St Laurence's Church is in Church Street, Church Stretton, Shropshire, England. It is an active Anglican parish church in the deanery of Condover, the archdeaconry of Ludlow, and the diocese of Hereford. Its benefice is united with those of St Michael and All Angels, All Stretton, and All Saints, Little Stretton to form the parish of Church Stretton. The church is recorded in the National Heritage List for England as a designated Grade I listed building.

==History==
The nave of the church dates from the 12th century, and the transepts from the following century. The chancel and the upper stage of the tower are from the 15th century. The south vestry was added in 1831, and west aisles were added to the transepts during a restoration by S. Pountney Smith in 1867–68. There were further restorations in 1882 and in 1932. In 2010 the interior of the church was modernised by replacing the pews with movable chairs, and by installing new heating, lighting and sound systems.

==Architecture==

===Exterior===
Constructed in stone with tiled roofs, the church has a cruciform plan, consisting of a nave and chancel, north and south transepts, each with a west aisle, and a tower at the crossing. The nave is Norman in style, and the rest of the church is Early English, other than the top stage of the tower, which is Perpendicular. The tower is in three stages, with corner and central gargoyles. There are lancet windows in the lower and middle stages, and a clock face on the east side of the middle stage. The top stage contains two-light, flat-headed, louvred bell openings, and at the summit is a battlemented parapet with elaborate corner finials. The tower has diagonal buttresses, that at the southeast angle being carved with the figure of St Laurence. The nave has Norman buttresses, and two Norman doorways, one on the north and the other on the south.
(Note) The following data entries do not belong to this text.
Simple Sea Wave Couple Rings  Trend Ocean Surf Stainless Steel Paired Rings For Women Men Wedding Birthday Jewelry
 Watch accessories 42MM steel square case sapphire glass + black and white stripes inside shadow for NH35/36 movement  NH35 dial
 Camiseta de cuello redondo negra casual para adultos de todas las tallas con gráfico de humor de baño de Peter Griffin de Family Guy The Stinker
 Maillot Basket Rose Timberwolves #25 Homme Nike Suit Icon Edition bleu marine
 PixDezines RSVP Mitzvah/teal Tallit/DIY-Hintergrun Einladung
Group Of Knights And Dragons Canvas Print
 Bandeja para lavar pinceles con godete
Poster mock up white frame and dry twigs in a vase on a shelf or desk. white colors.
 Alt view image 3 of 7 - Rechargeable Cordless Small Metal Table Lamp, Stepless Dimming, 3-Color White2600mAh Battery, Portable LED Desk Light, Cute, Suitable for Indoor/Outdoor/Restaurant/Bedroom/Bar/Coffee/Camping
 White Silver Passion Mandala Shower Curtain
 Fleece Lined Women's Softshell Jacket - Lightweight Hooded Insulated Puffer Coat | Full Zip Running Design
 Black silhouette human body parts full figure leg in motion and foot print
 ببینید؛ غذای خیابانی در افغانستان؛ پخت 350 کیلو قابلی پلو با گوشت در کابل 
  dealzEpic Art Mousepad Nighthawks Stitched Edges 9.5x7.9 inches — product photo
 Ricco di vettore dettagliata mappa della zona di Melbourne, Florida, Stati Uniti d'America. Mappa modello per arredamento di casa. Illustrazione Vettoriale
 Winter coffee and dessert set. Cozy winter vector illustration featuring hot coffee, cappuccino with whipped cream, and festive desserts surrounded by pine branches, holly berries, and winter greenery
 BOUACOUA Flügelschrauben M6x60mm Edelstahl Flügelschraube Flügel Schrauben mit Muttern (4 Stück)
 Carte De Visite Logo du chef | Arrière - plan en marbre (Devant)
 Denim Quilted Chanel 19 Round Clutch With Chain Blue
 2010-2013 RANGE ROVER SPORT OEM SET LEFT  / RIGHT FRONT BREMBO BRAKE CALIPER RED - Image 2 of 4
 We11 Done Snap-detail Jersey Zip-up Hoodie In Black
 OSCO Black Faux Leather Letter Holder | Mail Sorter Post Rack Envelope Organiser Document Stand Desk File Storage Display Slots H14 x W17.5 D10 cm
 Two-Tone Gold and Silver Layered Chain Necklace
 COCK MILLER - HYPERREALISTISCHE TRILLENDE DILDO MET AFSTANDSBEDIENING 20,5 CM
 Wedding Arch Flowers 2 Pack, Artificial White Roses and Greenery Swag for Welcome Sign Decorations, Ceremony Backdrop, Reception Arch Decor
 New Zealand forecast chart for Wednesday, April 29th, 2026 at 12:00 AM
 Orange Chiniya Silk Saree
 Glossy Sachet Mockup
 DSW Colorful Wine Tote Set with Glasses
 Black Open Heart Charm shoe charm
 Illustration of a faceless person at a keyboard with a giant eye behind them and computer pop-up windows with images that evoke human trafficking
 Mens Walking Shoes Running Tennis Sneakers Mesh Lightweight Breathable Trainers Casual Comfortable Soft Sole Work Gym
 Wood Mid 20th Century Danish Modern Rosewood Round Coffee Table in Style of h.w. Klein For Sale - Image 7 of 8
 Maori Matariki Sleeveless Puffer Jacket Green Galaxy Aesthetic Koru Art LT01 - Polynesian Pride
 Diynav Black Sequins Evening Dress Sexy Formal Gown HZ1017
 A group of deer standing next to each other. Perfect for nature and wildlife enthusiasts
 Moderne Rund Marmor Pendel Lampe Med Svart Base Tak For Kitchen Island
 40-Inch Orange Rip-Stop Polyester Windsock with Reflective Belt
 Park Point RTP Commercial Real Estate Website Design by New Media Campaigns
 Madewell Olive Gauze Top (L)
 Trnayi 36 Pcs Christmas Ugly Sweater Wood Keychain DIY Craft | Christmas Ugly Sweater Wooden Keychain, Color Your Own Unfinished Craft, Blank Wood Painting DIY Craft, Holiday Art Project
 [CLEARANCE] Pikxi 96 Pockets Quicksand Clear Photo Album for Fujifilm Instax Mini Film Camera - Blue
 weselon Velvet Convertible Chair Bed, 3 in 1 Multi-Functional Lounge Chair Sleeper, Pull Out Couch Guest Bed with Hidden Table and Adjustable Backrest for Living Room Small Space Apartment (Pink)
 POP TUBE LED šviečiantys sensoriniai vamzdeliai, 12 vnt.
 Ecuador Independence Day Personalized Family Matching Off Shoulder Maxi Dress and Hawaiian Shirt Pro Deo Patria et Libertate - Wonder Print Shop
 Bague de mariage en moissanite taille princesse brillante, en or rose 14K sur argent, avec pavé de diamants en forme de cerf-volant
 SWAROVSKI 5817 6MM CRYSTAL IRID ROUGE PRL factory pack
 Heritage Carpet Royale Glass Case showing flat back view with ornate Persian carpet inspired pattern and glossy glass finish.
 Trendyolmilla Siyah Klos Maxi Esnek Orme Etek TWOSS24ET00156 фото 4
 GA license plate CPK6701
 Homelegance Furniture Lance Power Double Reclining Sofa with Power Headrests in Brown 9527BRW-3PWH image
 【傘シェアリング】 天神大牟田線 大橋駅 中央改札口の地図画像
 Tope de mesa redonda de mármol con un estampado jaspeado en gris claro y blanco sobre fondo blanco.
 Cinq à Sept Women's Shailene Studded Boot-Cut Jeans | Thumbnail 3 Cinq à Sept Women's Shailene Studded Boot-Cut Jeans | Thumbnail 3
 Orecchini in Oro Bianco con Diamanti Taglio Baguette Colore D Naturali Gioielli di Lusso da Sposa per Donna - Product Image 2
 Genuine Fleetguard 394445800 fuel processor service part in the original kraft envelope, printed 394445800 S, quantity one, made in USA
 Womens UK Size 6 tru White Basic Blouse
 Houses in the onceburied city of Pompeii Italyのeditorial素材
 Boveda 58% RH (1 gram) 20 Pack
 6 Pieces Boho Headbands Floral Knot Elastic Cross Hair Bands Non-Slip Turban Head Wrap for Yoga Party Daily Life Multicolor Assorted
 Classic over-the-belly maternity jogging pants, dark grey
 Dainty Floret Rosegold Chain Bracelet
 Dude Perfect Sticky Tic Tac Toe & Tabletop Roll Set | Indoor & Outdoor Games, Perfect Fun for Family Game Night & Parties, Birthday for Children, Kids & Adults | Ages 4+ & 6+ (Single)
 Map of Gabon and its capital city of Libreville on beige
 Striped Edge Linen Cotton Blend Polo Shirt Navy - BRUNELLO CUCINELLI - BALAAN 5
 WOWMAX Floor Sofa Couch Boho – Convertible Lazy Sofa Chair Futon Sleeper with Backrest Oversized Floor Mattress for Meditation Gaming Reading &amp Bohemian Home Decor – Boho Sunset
Above the north doorway is a re-set sheila-na-gig. The other doorways are Early English. The west window and windows in the transepts contain Decorated-style tracery, the tracery in the east window being Perpendicular.

===Interior===
Inside the church, all the roofs are medieval. In the southwest corner of the chancel is a window with a piscina in its sill. The reredos was constructed in about 1820, re-using 17th-century panelling. The font is octagonal and Perpendicular in style. The pulpit dates from 1880, is made of stone and different marbles, and was designed by Samuel Pountney Smith. In the ceiling of the tower is a sculpture dating from about 1970 depicting St Laurence and his attribute, a gridiron. Some of the windows on the north and south sides of the chancel contain medieval glass, and others have Flemish roundels. The glass in the east window is by Betton and Evans of Shrewsbury, and in the nave is an early window by Burlison and Grylls. In the west side of the south transept is a memorial window to Lord Leighton of Stretton, former President of the Royal Academy, commemorating the fact he took his title from the town. Another memorial window, with plaque, commemorates writer Hesba Stretton, depicting the central character of her novel, Jessica's First Prayer. The church contains within the north transept framed rolls of honour to the respective parish dead of both World Wars and a plaque to 2nd Lieutenant Guy Barnett, killed at Battle of Neuve Chapelle in World War I.
The two-manual pipe organ was made in 1883 by Nicholson of Worcester, and restored by the same company in 1987. There is a ring of eight bells. Four of these were cast in 1711 by Abraham Rudhall I of Gloucester, and the other four in 1890 by John Taylor and Company of Loughborough.

==External features==
In the churchyard are 13 listed structures, each of which is designated at Grade II. To the north and west of the church are walls, stiles and gates. To the south of the south transept is a sundial. This originated as a medieval churchyard cross, whose shaft is sunk into a former mill wheel. On the top are two brass dials, one overlying the other. The gnomon is missing. The other items are all memorials, which stand to the east and the south of the church.